The insights I have learned over my 30 years of business experience as an investor highlight a critical truth: businesses often go out of business not due to profitability concerns but primarily because they are running out of cash. In the startup landscape, the availability of cash is crucial for sustaining operations and weathering uncertainties effectively.
In many conversations, I had over the years with startup founders say; “We expect to have enough revenue to support our growth”. Well, this is the first critical mistake in business thinking. Especially today when we are finding ourselves in economic uncertainty and in an environment that is not so friendly for raising capital. A founder relying on the ability to raise capital as a means to infuse cash, can be a very risky proposition, especially for early-stage investors.

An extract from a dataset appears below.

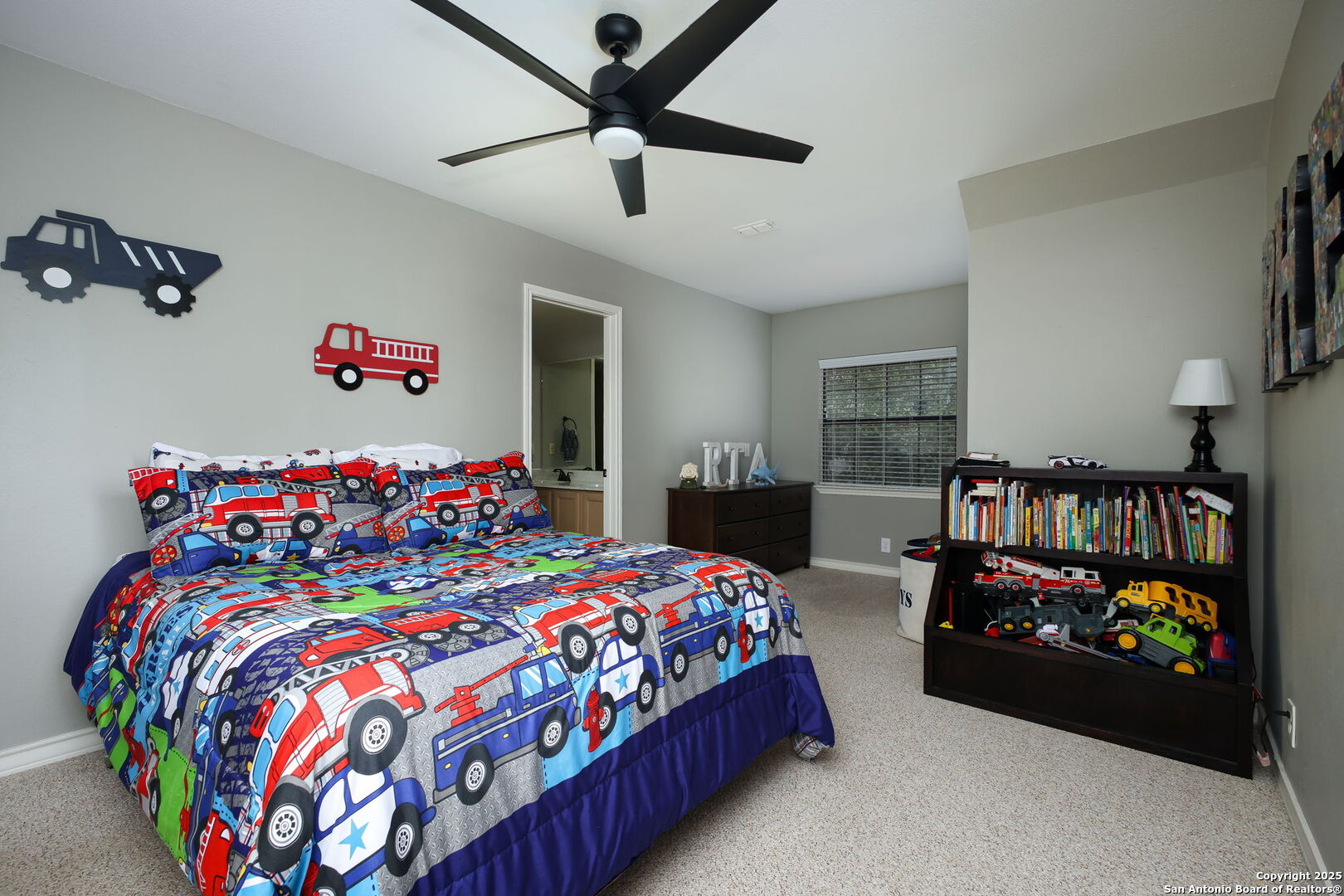 256 DEER CROSS LN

Here are few traps that can get your business into a spin:
- Sales is not a substitute for working capital – revenue is highly volatile at times and inconsistent at best. You cannot rely on revenue to fuel your growth. The revenue is for operating cash and to pay for your overhead and operating expenses. If you start spending your revenue to support your growth, you risk running out of cash very quickly
- The line of Credits / Debt can be dangerous – Money is not cheap these days, and gets more expensive by the day, yet it can get you in trouble because it puts the debt on the books and creates a bad habit and makes you highly uninventable.
- The business is first, the owners are second – in the first few years of your business, you need to know that you, the founder, are last on the list. Do not start a business if you can’t support yourself for at least 24 months.
- Cash can be expensive – when you do not need it, it can be very cheap, but when you really need it can be very expensive.
Here are some power tips for managing your cash:
- If you have it, you can leverage it.
- Use it for operating your business, do not invest it in a risky endeavor, try new things or develop risky products, it is not the time, stick to your core business.
- The fact you have cash does not mean you need to spend it. Rainy days will come, they always do. And soon it will come down hard.
- In today’s economy, a business should have a cash reserve equal to 12 months runway of operating expenses at the bare minimum.
- If you want to reap the fruits of your labor, you need to water the tree. – Having cash makes your business highly investable and bankable.
The bottom line is that managing your cash is paramount to your business health. I spoke with a friend that started a startup in Miami at the beginning of the year. Last night his business got hit by the storm with massive damage. He did not manage his cash carefully and there is a 90% chance that he is going to lose his business. He does not have the cash to restart his business, by the time the insurance companies will handle his claim it will be too late.
My point is that in a startup world you need to deal with “Storms” more frequently than establish a business. If you have cash, spend it like your life depends on it – because it really is. I wish to emphasize that in the dynamic and fast-paced environment of a startup, one must frequently navigate periods of turbulence, or “Storms,” more so than in an established business. In such circumstances, it is essential to utilize available resources judiciously, as the success of the enterprise may hinge upon it.